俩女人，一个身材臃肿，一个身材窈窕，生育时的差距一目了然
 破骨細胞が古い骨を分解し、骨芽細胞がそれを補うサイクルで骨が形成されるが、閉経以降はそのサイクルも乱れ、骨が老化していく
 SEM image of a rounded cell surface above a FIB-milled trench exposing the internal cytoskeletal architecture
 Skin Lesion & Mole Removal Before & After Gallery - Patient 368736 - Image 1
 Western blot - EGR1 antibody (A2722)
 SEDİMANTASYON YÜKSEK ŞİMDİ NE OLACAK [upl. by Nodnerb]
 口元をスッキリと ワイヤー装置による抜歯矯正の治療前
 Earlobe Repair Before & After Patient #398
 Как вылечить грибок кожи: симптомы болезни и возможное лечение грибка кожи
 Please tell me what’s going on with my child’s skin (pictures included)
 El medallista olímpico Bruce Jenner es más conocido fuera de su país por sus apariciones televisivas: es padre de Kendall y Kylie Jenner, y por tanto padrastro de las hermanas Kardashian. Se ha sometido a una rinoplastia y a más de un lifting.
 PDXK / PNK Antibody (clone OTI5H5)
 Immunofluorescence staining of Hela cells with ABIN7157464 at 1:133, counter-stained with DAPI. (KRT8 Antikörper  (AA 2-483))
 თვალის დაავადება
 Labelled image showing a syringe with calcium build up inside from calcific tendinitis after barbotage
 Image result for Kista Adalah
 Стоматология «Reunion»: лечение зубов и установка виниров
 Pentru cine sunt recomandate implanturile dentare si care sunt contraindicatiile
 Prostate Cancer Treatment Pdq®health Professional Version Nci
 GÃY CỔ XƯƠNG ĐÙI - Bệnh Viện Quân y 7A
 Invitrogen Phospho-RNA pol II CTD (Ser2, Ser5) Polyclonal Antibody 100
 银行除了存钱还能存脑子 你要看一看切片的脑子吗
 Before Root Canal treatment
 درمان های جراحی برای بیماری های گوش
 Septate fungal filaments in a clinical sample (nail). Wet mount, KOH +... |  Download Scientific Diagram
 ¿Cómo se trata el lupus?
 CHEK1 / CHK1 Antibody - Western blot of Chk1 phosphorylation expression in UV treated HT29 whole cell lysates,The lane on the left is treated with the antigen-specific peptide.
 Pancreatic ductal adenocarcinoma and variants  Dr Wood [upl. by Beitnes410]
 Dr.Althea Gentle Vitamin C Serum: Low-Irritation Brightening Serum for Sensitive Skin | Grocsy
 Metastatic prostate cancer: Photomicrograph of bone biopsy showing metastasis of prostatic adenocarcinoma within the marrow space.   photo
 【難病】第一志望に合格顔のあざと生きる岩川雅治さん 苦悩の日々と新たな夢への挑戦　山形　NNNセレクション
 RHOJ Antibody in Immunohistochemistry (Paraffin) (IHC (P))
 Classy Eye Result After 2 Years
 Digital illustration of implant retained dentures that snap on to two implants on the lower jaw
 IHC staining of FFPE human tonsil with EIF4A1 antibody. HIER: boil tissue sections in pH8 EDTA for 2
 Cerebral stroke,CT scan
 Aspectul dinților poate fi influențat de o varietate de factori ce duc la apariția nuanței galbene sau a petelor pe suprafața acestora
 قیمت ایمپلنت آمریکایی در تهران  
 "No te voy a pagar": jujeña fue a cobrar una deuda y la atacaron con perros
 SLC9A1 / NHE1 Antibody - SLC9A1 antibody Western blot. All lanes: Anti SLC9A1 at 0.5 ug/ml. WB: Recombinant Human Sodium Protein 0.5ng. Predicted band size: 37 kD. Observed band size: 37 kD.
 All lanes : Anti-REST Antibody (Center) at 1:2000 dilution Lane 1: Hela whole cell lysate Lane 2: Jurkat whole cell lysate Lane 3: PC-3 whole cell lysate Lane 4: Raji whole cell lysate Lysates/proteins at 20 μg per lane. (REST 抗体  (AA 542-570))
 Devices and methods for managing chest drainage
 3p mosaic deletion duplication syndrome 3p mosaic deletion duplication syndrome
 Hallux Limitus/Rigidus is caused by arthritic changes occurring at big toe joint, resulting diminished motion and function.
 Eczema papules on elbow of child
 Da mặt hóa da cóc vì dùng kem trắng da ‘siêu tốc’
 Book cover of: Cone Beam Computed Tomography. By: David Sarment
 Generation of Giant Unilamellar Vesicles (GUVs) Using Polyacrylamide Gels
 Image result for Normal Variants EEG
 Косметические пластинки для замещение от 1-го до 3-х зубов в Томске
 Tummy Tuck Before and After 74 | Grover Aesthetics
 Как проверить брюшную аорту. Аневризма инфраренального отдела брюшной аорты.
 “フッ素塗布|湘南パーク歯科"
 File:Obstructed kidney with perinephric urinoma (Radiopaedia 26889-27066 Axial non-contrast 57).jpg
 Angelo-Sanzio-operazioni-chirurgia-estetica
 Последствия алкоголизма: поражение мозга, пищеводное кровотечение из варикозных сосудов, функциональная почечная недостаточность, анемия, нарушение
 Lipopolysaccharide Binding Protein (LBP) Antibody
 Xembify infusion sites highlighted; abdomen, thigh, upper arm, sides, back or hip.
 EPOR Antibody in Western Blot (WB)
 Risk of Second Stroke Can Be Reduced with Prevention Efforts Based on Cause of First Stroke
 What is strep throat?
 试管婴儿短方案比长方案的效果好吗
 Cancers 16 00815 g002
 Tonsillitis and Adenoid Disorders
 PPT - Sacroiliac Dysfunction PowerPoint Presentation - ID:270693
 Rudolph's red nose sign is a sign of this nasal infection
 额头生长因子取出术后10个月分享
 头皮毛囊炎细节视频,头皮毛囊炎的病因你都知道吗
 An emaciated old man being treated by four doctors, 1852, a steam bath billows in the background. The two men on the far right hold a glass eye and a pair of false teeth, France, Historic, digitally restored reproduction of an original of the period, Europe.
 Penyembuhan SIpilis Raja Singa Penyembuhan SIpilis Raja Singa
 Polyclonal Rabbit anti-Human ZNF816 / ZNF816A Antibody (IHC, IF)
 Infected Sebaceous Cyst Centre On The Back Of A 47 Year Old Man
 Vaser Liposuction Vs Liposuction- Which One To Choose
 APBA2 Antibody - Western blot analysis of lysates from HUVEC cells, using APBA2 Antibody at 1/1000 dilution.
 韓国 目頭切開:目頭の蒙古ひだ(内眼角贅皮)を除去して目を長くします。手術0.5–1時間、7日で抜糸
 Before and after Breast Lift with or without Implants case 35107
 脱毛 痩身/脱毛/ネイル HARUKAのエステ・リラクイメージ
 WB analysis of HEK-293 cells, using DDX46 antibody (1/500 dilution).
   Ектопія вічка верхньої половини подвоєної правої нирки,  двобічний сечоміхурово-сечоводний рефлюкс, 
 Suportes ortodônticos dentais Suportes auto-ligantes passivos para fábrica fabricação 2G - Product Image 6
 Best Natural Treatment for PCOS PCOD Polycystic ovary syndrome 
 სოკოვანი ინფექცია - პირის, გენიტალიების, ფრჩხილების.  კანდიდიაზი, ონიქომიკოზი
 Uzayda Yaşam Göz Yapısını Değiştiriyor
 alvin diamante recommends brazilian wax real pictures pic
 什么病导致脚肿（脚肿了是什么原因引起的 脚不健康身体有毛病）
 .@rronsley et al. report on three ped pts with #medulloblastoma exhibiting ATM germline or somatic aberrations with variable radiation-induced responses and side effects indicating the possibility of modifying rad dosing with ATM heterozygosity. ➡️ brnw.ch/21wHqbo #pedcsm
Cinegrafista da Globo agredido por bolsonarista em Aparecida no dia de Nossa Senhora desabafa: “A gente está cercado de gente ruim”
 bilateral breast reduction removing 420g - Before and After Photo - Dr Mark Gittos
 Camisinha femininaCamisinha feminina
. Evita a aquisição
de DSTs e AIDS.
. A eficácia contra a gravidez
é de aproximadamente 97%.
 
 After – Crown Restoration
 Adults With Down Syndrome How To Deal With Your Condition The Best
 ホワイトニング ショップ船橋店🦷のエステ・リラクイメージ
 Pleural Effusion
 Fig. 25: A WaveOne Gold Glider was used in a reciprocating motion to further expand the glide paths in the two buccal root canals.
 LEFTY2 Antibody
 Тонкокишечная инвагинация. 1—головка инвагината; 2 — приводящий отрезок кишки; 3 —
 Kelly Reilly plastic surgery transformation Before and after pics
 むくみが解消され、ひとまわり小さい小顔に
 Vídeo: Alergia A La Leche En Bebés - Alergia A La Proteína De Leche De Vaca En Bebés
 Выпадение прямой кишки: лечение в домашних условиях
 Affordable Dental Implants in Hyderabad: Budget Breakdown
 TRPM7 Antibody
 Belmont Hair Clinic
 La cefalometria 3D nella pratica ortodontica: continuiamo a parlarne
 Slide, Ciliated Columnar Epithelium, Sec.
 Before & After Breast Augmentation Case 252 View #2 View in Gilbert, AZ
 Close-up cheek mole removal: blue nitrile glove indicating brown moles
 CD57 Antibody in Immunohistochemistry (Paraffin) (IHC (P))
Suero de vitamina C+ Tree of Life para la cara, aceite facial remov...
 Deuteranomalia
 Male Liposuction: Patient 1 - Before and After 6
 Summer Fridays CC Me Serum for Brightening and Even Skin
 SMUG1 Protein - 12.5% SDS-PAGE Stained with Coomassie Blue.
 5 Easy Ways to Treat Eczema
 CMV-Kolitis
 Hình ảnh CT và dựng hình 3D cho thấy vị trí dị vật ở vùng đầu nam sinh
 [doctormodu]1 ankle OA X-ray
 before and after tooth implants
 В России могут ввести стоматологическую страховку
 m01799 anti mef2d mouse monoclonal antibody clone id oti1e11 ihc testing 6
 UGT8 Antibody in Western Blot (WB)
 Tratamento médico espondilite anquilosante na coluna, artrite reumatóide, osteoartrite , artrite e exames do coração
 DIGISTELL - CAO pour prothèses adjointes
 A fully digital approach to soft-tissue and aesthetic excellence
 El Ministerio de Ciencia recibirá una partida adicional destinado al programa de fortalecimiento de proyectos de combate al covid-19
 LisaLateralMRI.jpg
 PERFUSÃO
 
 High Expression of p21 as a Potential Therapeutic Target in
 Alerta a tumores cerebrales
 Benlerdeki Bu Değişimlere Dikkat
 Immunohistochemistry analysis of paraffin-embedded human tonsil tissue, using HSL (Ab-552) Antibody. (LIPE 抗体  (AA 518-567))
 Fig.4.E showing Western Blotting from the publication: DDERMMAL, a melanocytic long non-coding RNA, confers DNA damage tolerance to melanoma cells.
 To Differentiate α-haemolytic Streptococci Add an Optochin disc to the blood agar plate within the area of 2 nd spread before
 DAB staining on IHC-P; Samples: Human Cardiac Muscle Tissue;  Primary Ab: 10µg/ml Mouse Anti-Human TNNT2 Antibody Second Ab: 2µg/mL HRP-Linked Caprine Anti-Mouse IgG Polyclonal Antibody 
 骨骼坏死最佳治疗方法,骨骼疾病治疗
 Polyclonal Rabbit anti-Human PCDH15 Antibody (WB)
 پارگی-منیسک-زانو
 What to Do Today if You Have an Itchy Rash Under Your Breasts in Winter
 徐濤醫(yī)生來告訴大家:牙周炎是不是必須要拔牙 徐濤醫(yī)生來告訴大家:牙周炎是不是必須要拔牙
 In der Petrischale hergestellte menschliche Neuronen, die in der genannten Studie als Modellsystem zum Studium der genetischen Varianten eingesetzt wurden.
----------------
### Task instructions
Of all the entries above, output exactly the lines between the one holding "3p mosaic deletion duplication syndrome 3p" and the one holding "WB analysis of", inclusive.

### Your solution
 3p mosaic deletion duplication syndrome 3p mosaic deletion duplication syndrome
 Hallux Limitus/Rigidus is caused by arthritic changes occurring at big toe joint, resulting diminished motion and function.
 Eczema papules on elbow of child
 Da mặt hóa da cóc vì dùng kem trắng da ‘siêu tốc’
 Book cover of: Cone Beam Computed Tomography. By: David Sarment
 Generation of Giant Unilamellar Vesicles (GUVs) Using Polyacrylamide Gels
 Image result for Normal Variants EEG
 Косметические пластинки для замещение от 1-го до 3-х зубов в Томске
 Tummy Tuck Before and After 74 | Grover Aesthetics
 Как проверить брюшную аорту. Аневризма инфраренального отдела брюшной аорты.
 “フッ素塗布|湘南パーク歯科"
 File:Obstructed kidney with perinephric urinoma (Radiopaedia 26889-27066 Axial non-contrast 57).jpg
 Angelo-Sanzio-operazioni-chirurgia-estetica
 Последствия алкоголизма: поражение мозга, пищеводное кровотечение из варикозных сосудов, функциональная почечная недостаточность, анемия, нарушение
 Lipopolysaccharide Binding Protein (LBP) Antibody
 Xembify infusion sites highlighted; abdomen, thigh, upper arm, sides, back or hip.
 EPOR Antibody in Western Blot (WB)
 Risk of Second Stroke Can Be Reduced with Prevention Efforts Based on Cause of First Stroke
 What is strep throat?
 试管婴儿短方案比长方案的效果好吗
 Cancers 16 00815 g002
 Tonsillitis and Adenoid Disorders
 PPT - Sacroiliac Dysfunction PowerPoint Presentation - ID:270693
 Rudolph's red nose sign is a sign of this nasal infection
 额头生长因子取出术后10个月分享
 头皮毛囊炎细节视频,头皮毛囊炎的病因你都知道吗
 An emaciated old man being treated by four doctors, 1852, a steam bath billows in the background. The two men on the far right hold a glass eye and a pair of false teeth, France, Historic, digitally restored reproduction of an original of the period, Europe.
 Penyembuhan SIpilis Raja Singa Penyembuhan SIpilis Raja Singa
 Polyclonal Rabbit anti-Human ZNF816 / ZNF816A Antibody (IHC, IF)
 Infected Sebaceous Cyst Centre On The Back Of A 47 Year Old Man
 Vaser Liposuction Vs Liposuction- Which One To Choose
 APBA2 Antibody - Western blot analysis of lysates from HUVEC cells, using APBA2 Antibody at 1/1000 dilution.
 韓国 目頭切開:目頭の蒙古ひだ(内眼角贅皮)を除去して目を長くします。手術0.5–1時間、7日で抜糸
 Before and after Breast Lift with or without Implants case 35107
 脱毛 痩身/脱毛/ネイル HARUKAのエステ・リラクイメージ
 WB analysis of HEK-293 cells, using DDX46 antibody (1/500 dilution).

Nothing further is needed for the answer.